Apparently the U.S. cable companies have modeled themselves on their sister companies in Great Britain. For those of you who appreciate fine wordsmithing, this is an actual British complaint letter. he piece suggests at least three things: 1) Americans and Canadians are not the only ones who get poor service from their ISP, cable and/or alarm companies. (NTL is a cable operator in Britain). 2) The Brit's probably write the world's best letters of complaint. 3) This gentleman is really pissed!

"Dear Cretins:

I have been an NTL customer since 9th July 2001, when I signed up for your four-in-one deal for cable TV, cable modem, telephone, and alarm monitoring. During this three-month period I have encountered inadequacy of service which I had not previously considered possible, as well as ignorance and stupidity of monolithic proportions. Please allow me to provide specific details, so that you can either pursue your professional prerogative and seek to rectify these difficulties or more likely (I suspect) so that you can have some entertaining reading material as you while away the working day smoking B&H and drinking vendor-coffee on the bog in your office.

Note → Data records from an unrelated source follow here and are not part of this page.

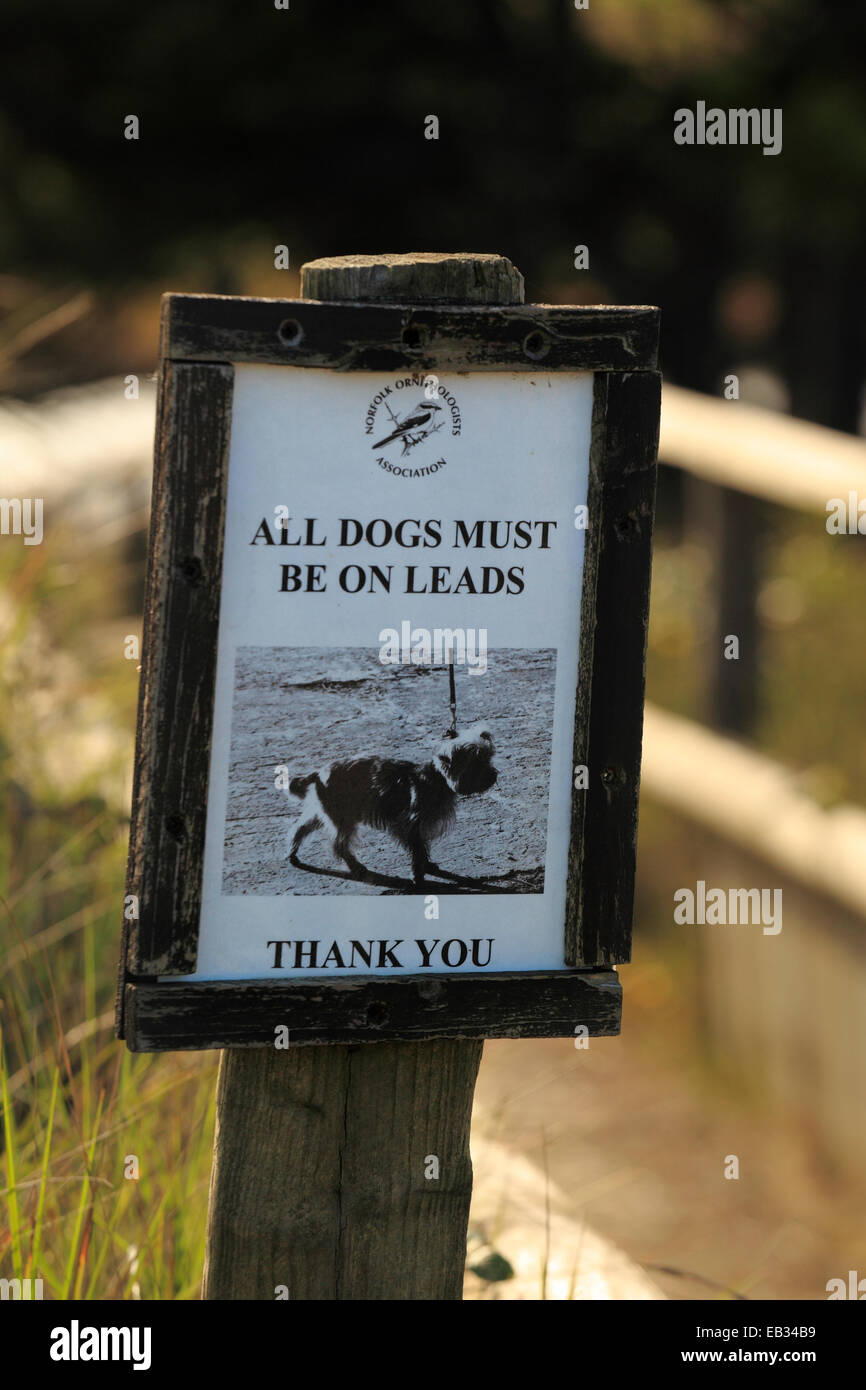 "Tutti i cani devono essere sulle derivazioni' segno a Holme dune riserva naturale. Foto Stock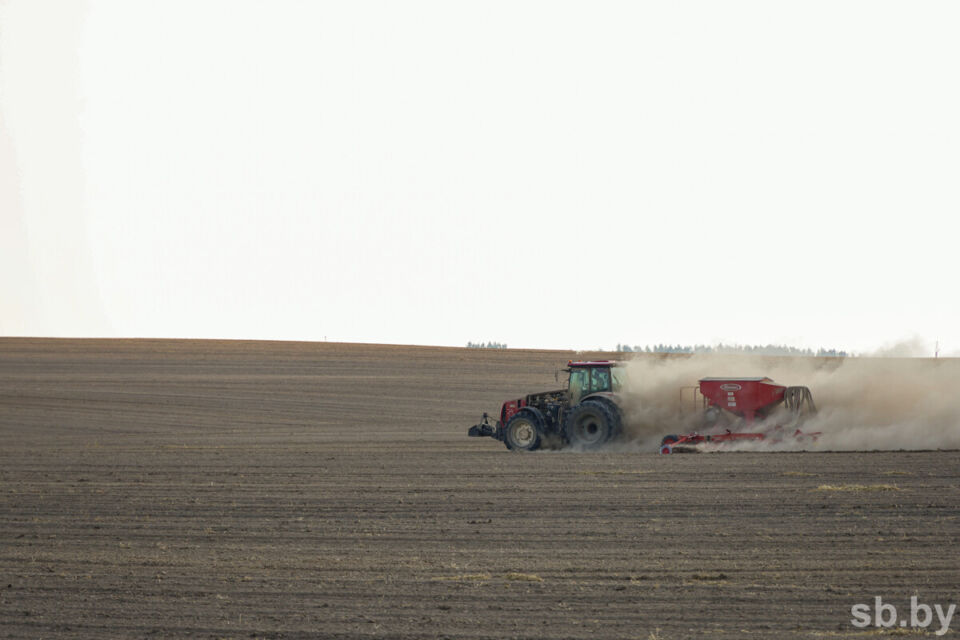 В Беларуси озимый рапс посеян на 18 процентах запланированных площадей — Минсельхозпрод
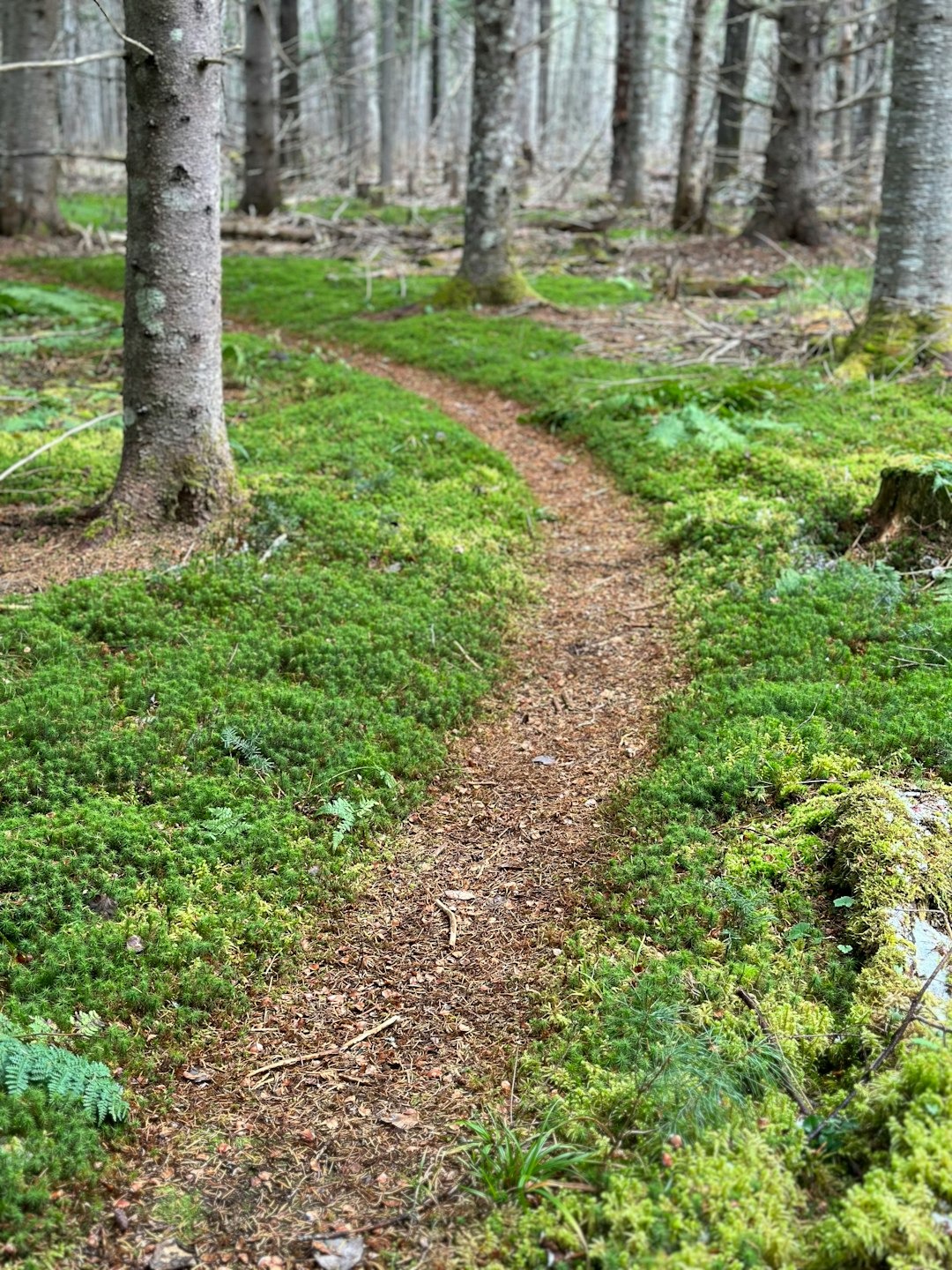 Mulch to Reduce Waste and Conserve Moisture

My initial installation was canceled without warning, resulting in my spending an entire Saturday sitting on my fat arse waiting for your technician to arrive. When he did not arrive, I spent a further 57 minutes listening to your infuriating hold music, and the even more annoying Scottish robot woman telling me to look at your helpful website.

The rescheduled installation then took place some two weeks later, although the technician did forget to bring a number of vital tools -- such as a drill-bit and his cerebrum. Two weeks later, my cable modem had still not arrived. After 15 telephone calls over four weeks my modem arrived, six weeks after I had requested it -- and begun to pay for it. I estimate your internet server's downtime is roughly 35% -- the hours between about 6 PM and midnight, Monday through Friday and most of the weekend. I am still waiting for my telephone connection.

I have made nine calls on my mobile to your no-help line and have been unhelpfully transferred to a variety of disinterested individuals who are, it seems, also highly skilled bollock jugglers. I have been informed that: a telephone line is available (and someone will call me back); that I will be transferred to someone who knows whether or not a telephone line is available (and then been cut off); that I will be transferred to someone (and then been redirected to an answering machine informing me that your office is closed); that I will be transferred to someone and then been redirected to the irritating Scottish robot woman, and several other variations on this theme.

Doubtless you are no longer reading this letter, as you have at least a thousand other dissatisfied customers to ignore. Frankly I don't care. It's far more satisfying as a customer to voice my frustrations in print than to shout them at your unending hold music. Forgive me, therefore, if I continue. I thought British Telecom was crap; that they had attained the holy-pot of god-awful customer relations; and that no one, anywhere, ever, could be more disinterested, less helpful or more obstructive to delivering service to their customers. That's why I chose NT and because, well, there isn't anyone else is there? How surprised I therefore was when I discovered to my considerable dissatisfaction and disappointment what a useless shower of bastards you truly are. You are sputum-filled pieces of distended rectum, incompetents of the highest order.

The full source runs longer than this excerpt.